Col ricorso sempre maggiore alle sanzioni contro la Cina, il governo di Pechino ha già iniziato ad affinare gli strumenti per contrastarle. Anzitutto spingendo i paesi amici a utilizzare la sua valuta, in luogo del dollaro, nei commerci bilaterali. Lo yuan è sempre più utilizzato da paesi come Argentina, Brasile, oltre alla Russia, che hanno firmato con Pechino accordi ad hoc per regolare in yuan i loro commerci con la Cina.
Il presidente cinese Xi Jinping, che a sorpresa non è stato presente all’apertura dei lavori, ha dichiarato in un discorso pronunciato a suo nome che l’espansione del gruppo BRICS significa dare la possibilità alle economie emergenti di costruire un ordine internazionale più giusto e equo. Aggiungendo, come monito, che “continueremo a crescere, qualsiasi resistenza potremo trovare”.

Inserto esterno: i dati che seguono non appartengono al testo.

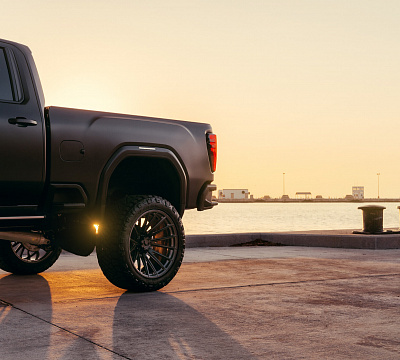 Фото дисков Vossen VFX-03 на GMC Sierra IV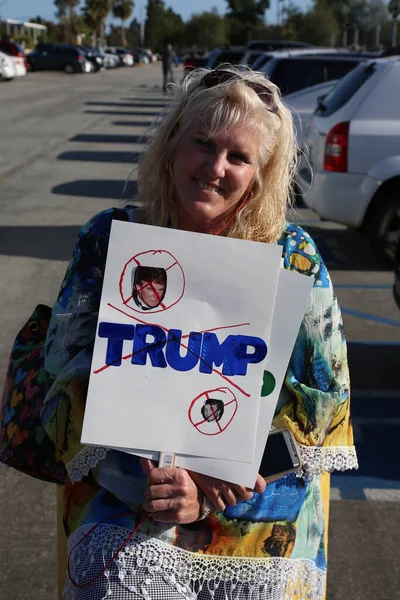 Costa Mesa Abril 2016 Manifestantes Sostienen Pancartas Coros Intentan Interrumpir — Foto de Stock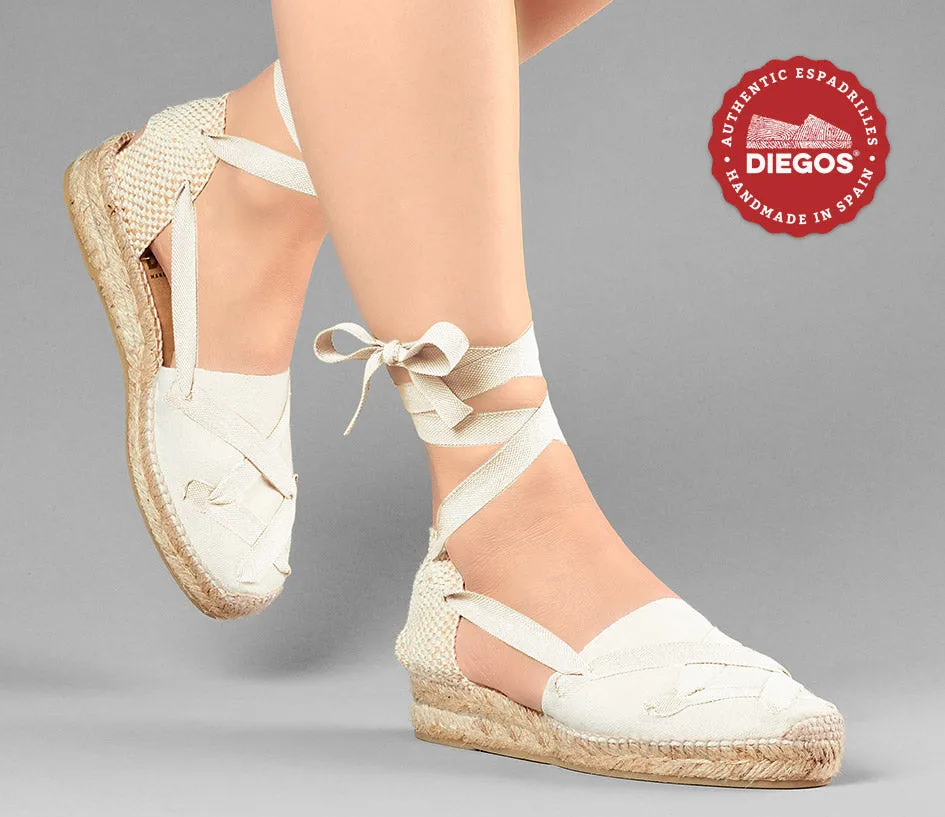 Alpargatas clásicas cordones Lola cuña baja marfil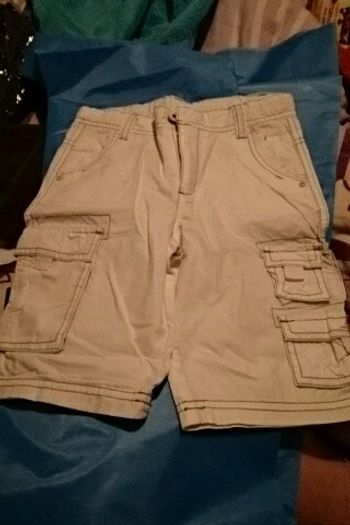Bermuda blanc neuf 4 ans
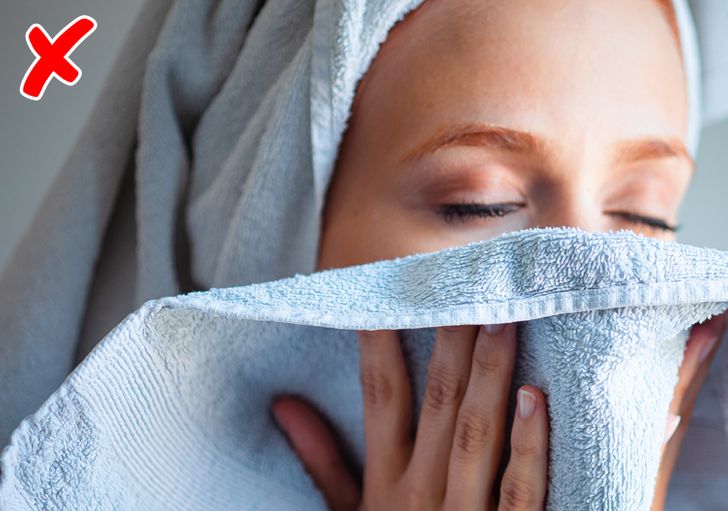 7 zakone të poshtra që mund të thajnë lëkurën tuaj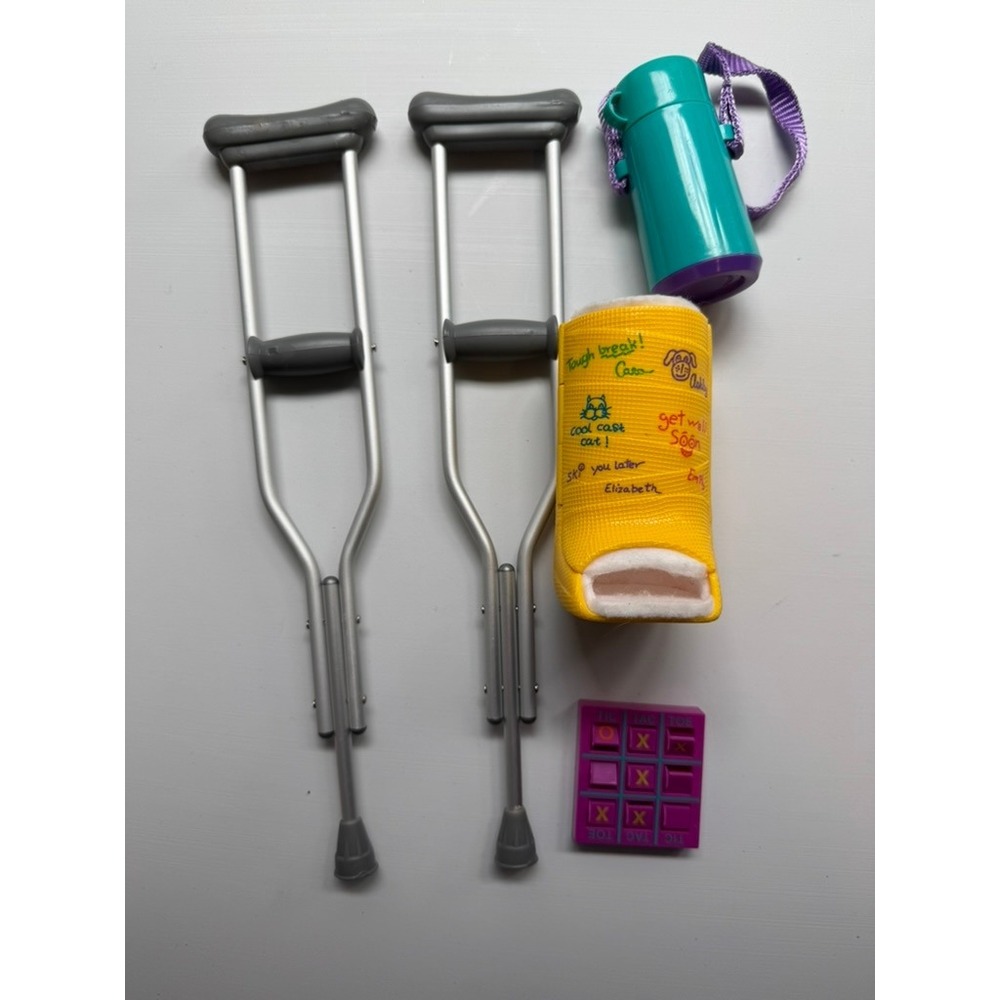 VTG 1997 American Girl Pleasant Company Apres Ski Set Crutches Yellow Cast Cocoa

Anche il presidente sudafricano Cyril Ramaphosa si è mostrato entusiasta all’idea: “Un Brics allargato rappresenterà un gruppo eterogeneo di nazioni con diversi sistemi politici che condividono il desiderio comune di avere un ordine globale più equilibrato”. Ma sull’espansione Brasile e India frenano, mentre la Russia, insieme alla Cina, vorrebbero al contrario accelerare. “Non cerchiamo di essere un contrappunto al G7, al G20 o agli Stati Uniti” ha dichiarato il presidente brasiliano Lula de Silva. Il premier indiano Narendra Modi vuole procedere con cautela e ha parlato dei rischi dovuti a un allargamento affrettato.
I Paesi interessati ad entrare a far parte dei BRICS sono, tra gli altri, Egitto, Arabia Saudita, Iran, Argentina e Indonesia. Di questi 2, Argentina e Iran, sono sottoposti alle sanzioni occidentali.
Neanche il presidente russo Vladimir Putin ha pronunciato da sé il proprio discorso. Un video registrato e il suo portavoce, il ministro degli esteri Sergey Lavrov, lo hanno tenuto al sicuro dalle conseguenze del mandato di arresto internazionale per presunti crimini di guerra compiuti durante l’attacco all’Ucraina. Non sono, invece, chiare le ragioni che hanno impedito la partecipazione del presidente cinese.
Presenti, invece, il leader sudafricano Cyril Ramaphosa, il presidente brasiliano Luiz Inacio Lula da Silva e il primo ministro indiano Narendra Modi.
BRICS è l’acronimo delle economie emergenti che attualmente lo compongono, che sono appunto Brasile, Russia, India, Cina e Sudafrica, regioni che rappresentano circa il 40% della popolazione mondiale e più del 25% dell’economia globale.